Managed Identity Adoption Takes Time
Moving from connection strings to managed identity required updating every application. Some third-party libraries didn't support managed identity initially, requiring workarounds or upgrades.
The key was implementing changes incrementally:
- Enable managed identity on the resource
- Grant RBAC permissions
- Update application code to use
DefaultAzureCredential - Remove the old connection string
- Verify with monitoring
Cost Considerations
Private endpoints aren't free. Each private endpoint incurs a small hourly cost plus data processing charges. For a large deployment with many endpoints, this adds up.
We optimized costs by:
- Consolidating storage accounts where possible
- Using service endpoints as a complement (free)

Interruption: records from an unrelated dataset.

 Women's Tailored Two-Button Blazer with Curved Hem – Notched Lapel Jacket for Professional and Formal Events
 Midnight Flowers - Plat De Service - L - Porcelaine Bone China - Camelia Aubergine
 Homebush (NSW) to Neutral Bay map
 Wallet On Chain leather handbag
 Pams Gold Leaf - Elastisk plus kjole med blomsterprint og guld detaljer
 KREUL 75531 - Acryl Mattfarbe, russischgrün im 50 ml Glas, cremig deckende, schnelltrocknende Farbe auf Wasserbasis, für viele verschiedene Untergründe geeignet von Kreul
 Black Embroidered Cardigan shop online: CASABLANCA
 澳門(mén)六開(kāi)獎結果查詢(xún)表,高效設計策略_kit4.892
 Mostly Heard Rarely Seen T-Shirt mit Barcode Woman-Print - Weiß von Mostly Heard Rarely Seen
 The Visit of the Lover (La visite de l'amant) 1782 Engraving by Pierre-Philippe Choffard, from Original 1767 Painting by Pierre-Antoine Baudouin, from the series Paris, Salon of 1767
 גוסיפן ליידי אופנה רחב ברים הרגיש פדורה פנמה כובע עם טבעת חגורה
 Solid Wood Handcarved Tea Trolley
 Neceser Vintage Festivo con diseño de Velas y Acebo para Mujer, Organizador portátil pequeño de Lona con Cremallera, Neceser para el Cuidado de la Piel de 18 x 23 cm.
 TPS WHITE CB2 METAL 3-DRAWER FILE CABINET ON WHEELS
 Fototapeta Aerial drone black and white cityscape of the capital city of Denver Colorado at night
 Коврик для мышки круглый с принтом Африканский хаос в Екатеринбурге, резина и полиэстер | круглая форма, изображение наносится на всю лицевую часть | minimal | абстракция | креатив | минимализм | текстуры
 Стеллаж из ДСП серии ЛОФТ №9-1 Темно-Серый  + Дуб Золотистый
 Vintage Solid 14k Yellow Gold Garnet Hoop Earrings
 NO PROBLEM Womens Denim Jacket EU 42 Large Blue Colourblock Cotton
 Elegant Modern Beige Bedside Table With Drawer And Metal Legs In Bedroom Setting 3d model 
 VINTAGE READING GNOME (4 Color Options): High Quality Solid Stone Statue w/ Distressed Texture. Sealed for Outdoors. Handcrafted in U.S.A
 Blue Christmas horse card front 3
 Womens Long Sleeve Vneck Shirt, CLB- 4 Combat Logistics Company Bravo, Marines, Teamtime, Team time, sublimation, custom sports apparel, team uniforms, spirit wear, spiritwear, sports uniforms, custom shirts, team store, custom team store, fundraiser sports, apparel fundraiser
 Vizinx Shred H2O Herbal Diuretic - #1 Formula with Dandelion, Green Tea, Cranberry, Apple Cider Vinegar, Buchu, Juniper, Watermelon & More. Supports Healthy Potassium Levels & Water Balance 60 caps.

- Implementing shared private endpoints for multi-region deployments
The Results
After implementing zero-trust architecture:
- Zero public database exposure: All data services are private endpoint only
- 50% reduction in attack surface: No public IPs on backend infrastructure
- Simplified secret management: Managed identity eliminated most secrets
- Improved compliance posture: SOC 2 and PCI DSS audits became straightforward
The most important outcome wasn't technical—it was cultural. The team now defaults to private, authenticated, authorized communication for every new service. Zero-trust isn't a destination; it's a way of building systems.
Conclusion
Building zero-trust infrastructure on Azure requires careful planning, especially around networking and DNS. But the security benefits are substantial. By eliminating implicit trust and enforcing authentication at every boundary, we've created an architecture that's resilient to both external attacks and internal compromise.
If you're starting a similar journey, begin with VNet integration. Once your compute resources are in a VNet, private endpoints and RBAC become natural extensions. And remember: zero-trust is a principle, not a product. Every architecture decision should ask, "What happens if this is compromised?"